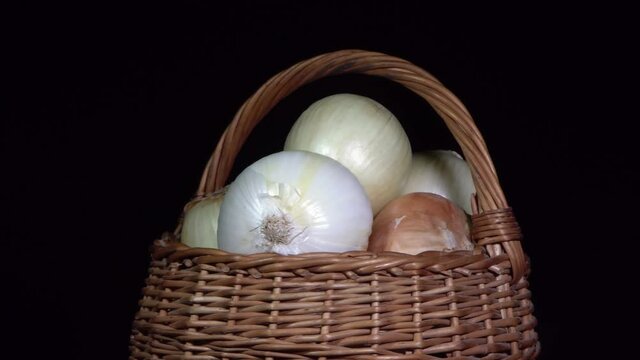 Vegetarian healthy food, composition of vegetables,  rotation of a basket with onions on a black background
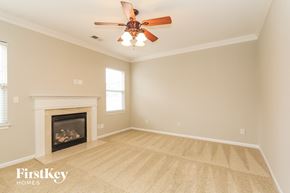 Huntersville house for rent - a living room with a ceiling fan and a fireplace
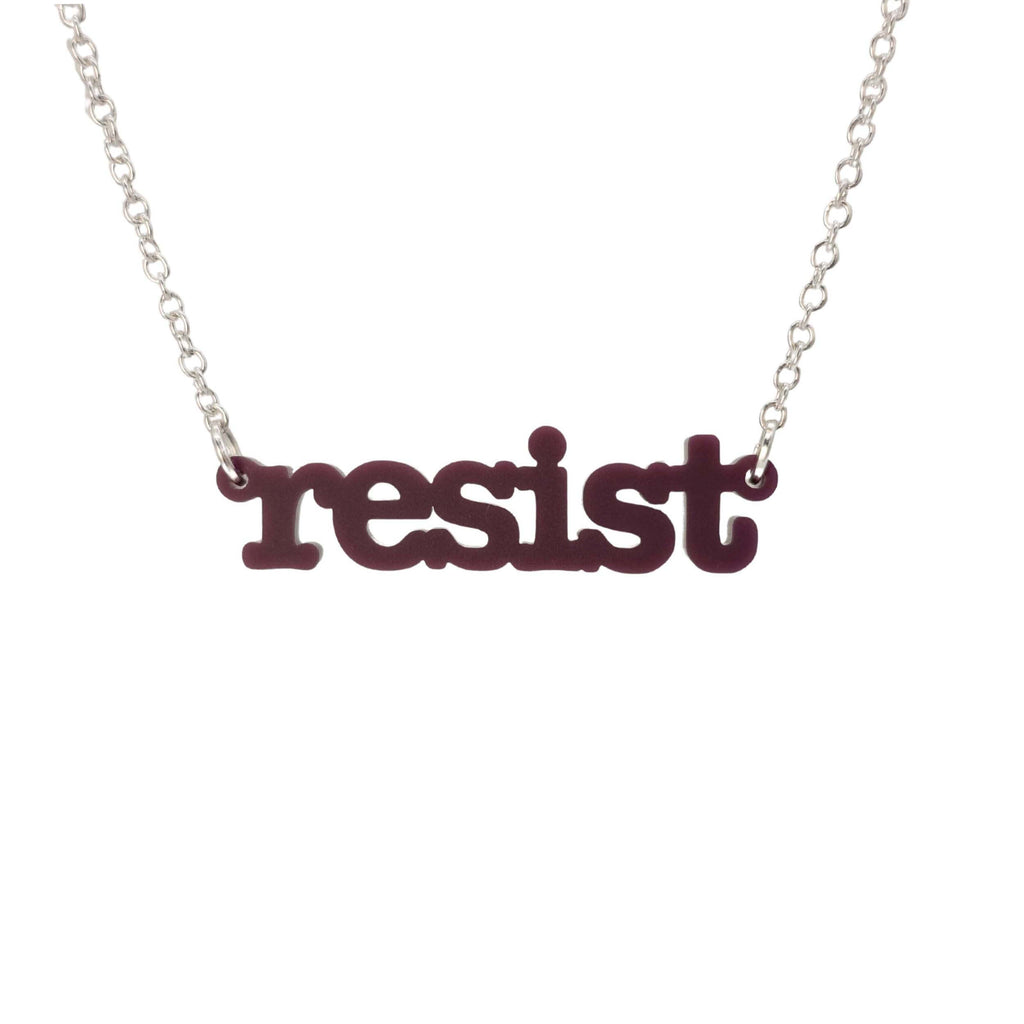 Cassis Resist necklace in typewriter font hanging on a silver chain against a white background. 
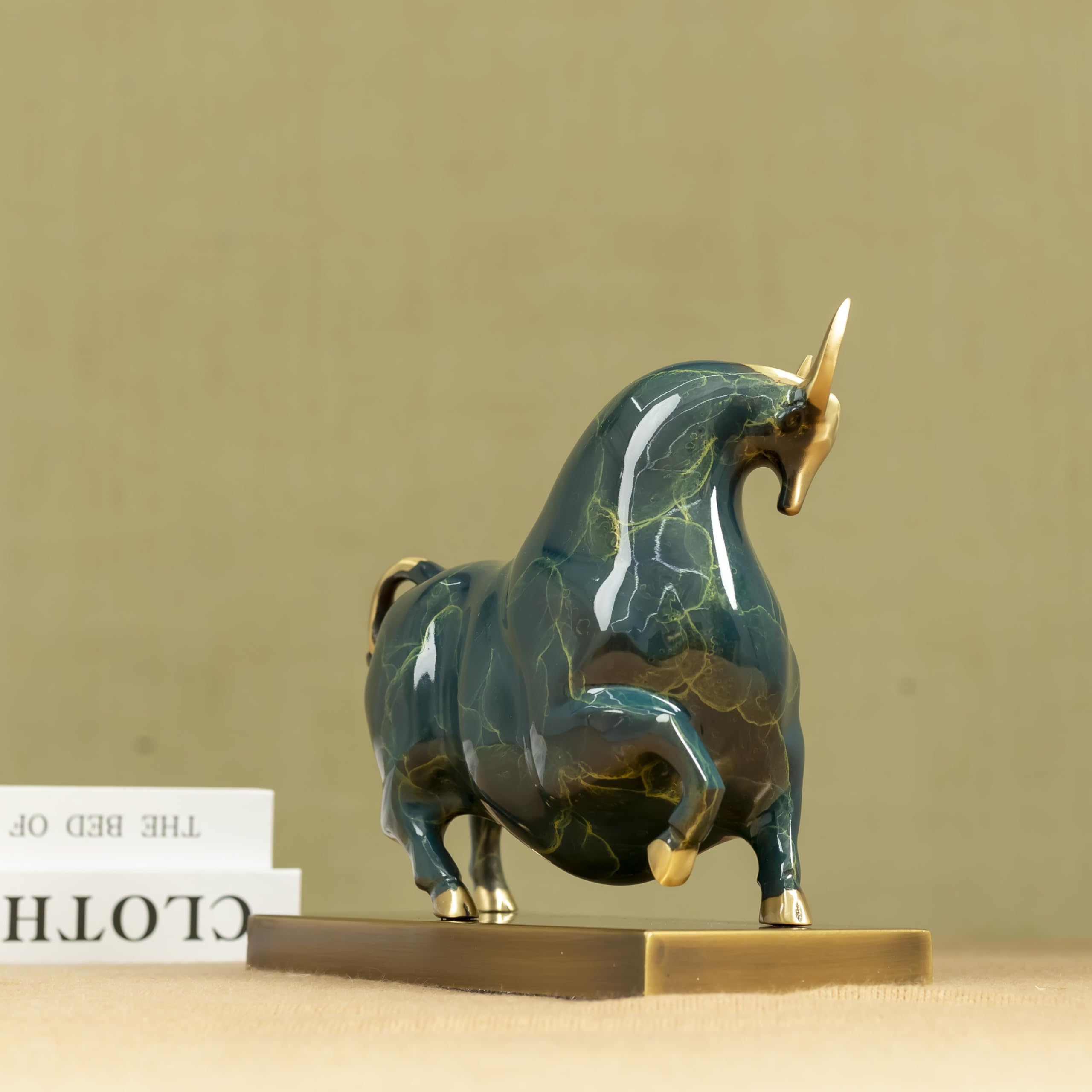 Close-up of green enamel bull head with golden horn finish.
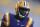 LSU running back Leonard Fournette  warms up in the rain before an NCAA college football game against Western Kentucky in Baton Rouge, La., Saturday, Oct. 24, 2015. (AP Photo/Jonathan Bachman)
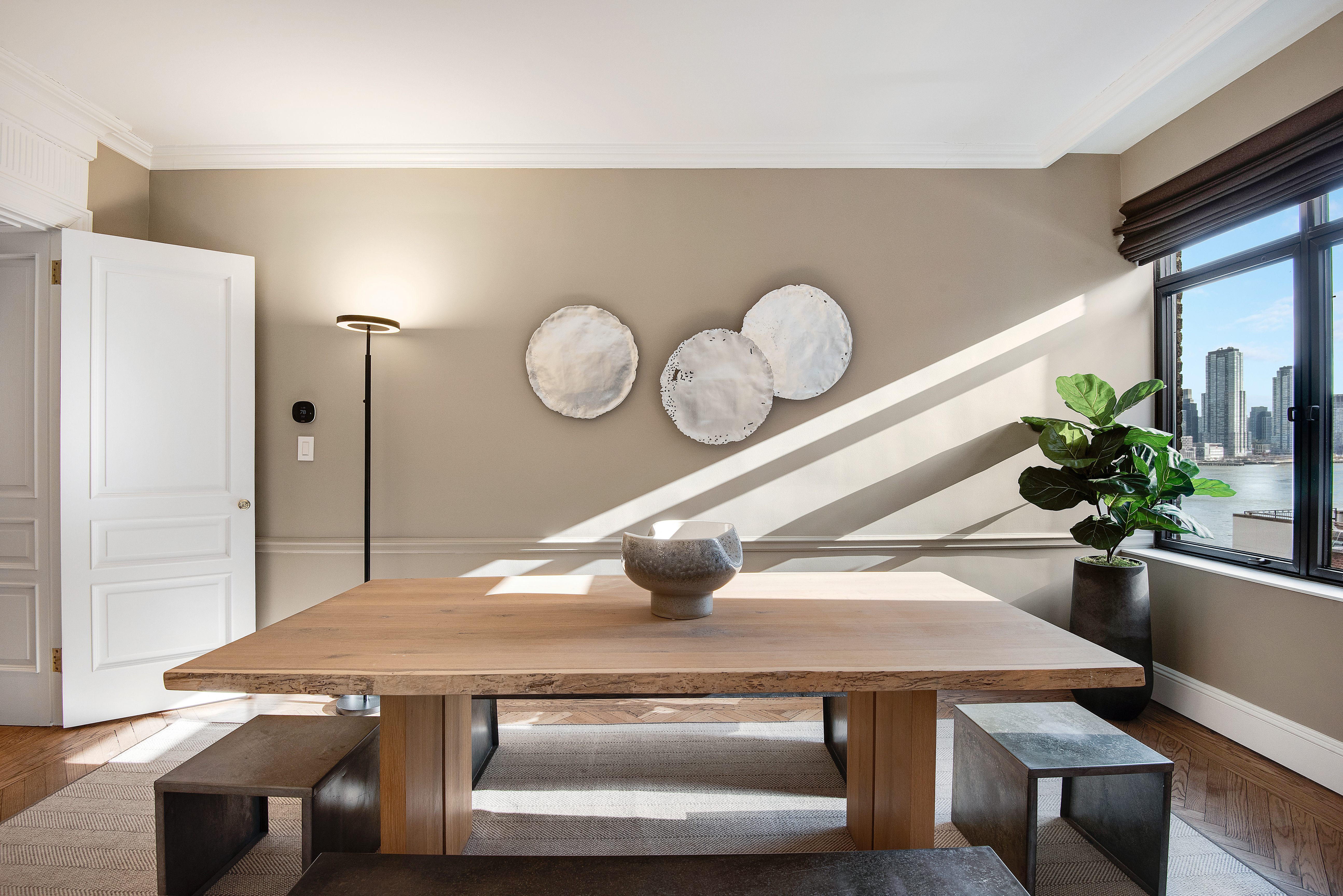 439 East 51st Street, Unit 8A Manhattan, NY 10022 - Photo 4 of 13 a kitchen with a stove a refrigerator a sink a dining table and chair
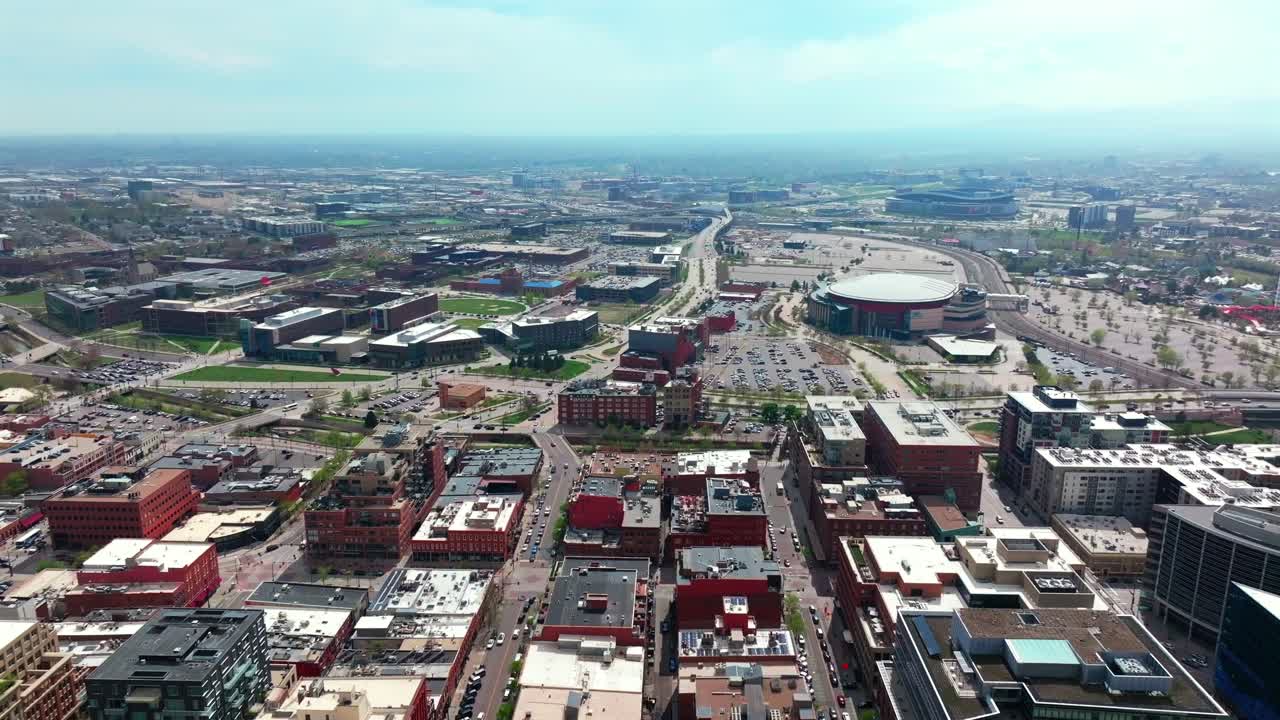 Downtown Denver spring summer after rain thunderstorm aerial drone Colorado cityscape landscape buildings Ball Arena sunny blue skies cloudy afternoon i25 cars traffic university circle left motion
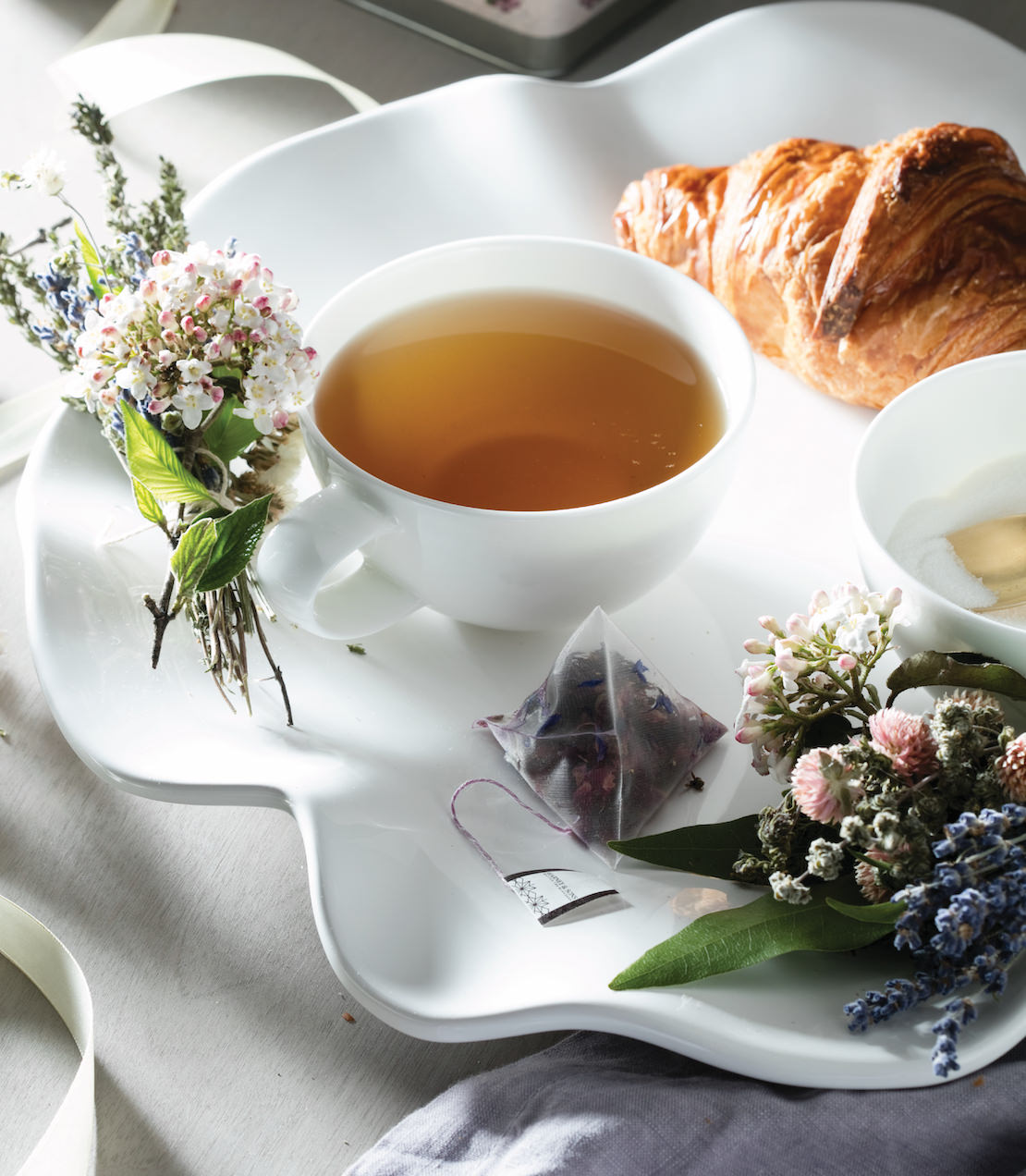 A white tray with a cup of tea, a croissant, and a sachet of tea surrounded by fresh flowers for Mother's Day.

━━━━━━━━━━━━━━━━

### Action item
Exact lines only, please. Repeat everything from the top of the records through the line containing "439 East 51st", both ends in and pictures out.

### Response area
 Vegetarian healthy food, composition of vegetables,  rotation of a basket with onions on a black background
 Huntersville house for rent - a living room with a ceiling fan and a fireplace
 Cassis Resist necklace in typewriter font hanging on a silver chain against a white background. 
 Close-up of green enamel bull head with golden horn finish.
 LSU running back Leonard Fournette  warms up in the rain before an NCAA college football game against Western Kentucky in Baton Rouge, La., Saturday, Oct. 24, 2015. (AP Photo/Jonathan Bachman)
 439 East 51st Street, Unit 8A Manhattan, NY 10022 - Photo 4 of 13 a kitchen with a stove a refrigerator a sink a dining table and chair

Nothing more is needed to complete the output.